▸ Required action
Give the data again in full, exactly as written below.

*** Records for this task ***

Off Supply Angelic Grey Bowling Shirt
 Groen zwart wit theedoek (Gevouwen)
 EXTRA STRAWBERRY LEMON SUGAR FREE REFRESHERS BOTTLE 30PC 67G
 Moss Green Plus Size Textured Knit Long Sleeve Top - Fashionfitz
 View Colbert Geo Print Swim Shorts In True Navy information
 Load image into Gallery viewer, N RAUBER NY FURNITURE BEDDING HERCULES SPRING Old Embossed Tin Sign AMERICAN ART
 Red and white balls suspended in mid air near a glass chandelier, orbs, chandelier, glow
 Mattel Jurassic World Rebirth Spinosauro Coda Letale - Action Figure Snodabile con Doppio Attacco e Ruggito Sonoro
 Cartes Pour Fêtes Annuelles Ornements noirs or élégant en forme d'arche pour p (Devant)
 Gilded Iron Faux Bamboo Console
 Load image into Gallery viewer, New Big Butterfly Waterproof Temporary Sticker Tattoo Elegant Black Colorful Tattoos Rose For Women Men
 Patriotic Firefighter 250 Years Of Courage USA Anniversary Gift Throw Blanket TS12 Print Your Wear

*** End of Records for this task ***

▸ Response to the exercise
Off Supply Angelic Grey Bowling Shirt
 Groen zwart wit theedoek (Gevouwen)
 EXTRA STRAWBERRY LEMON SUGAR FREE REFRESHERS BOTTLE 30PC 67G
 Moss Green Plus Size Textured Knit Long Sleeve Top - Fashionfitz
 View Colbert Geo Print Swim Shorts In True Navy information
 Load image into Gallery viewer, N RAUBER NY FURNITURE BEDDING HERCULES SPRING Old Embossed Tin Sign AMERICAN ART
 Red and white balls suspended in mid air near a glass chandelier, orbs, chandelier, glow
 Mattel Jurassic World Rebirth Spinosauro Coda Letale - Action Figure Snodabile con Doppio Attacco e Ruggito Sonoro
 Cartes Pour Fêtes Annuelles Ornements noirs or élégant en forme d'arche pour p (Devant)
 Gilded Iron Faux Bamboo Console
 Load image into Gallery viewer, New Big Butterfly Waterproof Temporary Sticker Tattoo Elegant Black Colorful Tattoos Rose For Women Men
 Patriotic Firefighter 250 Years Of Courage USA Anniversary Gift Throw Blanket TS12 Print Your Wear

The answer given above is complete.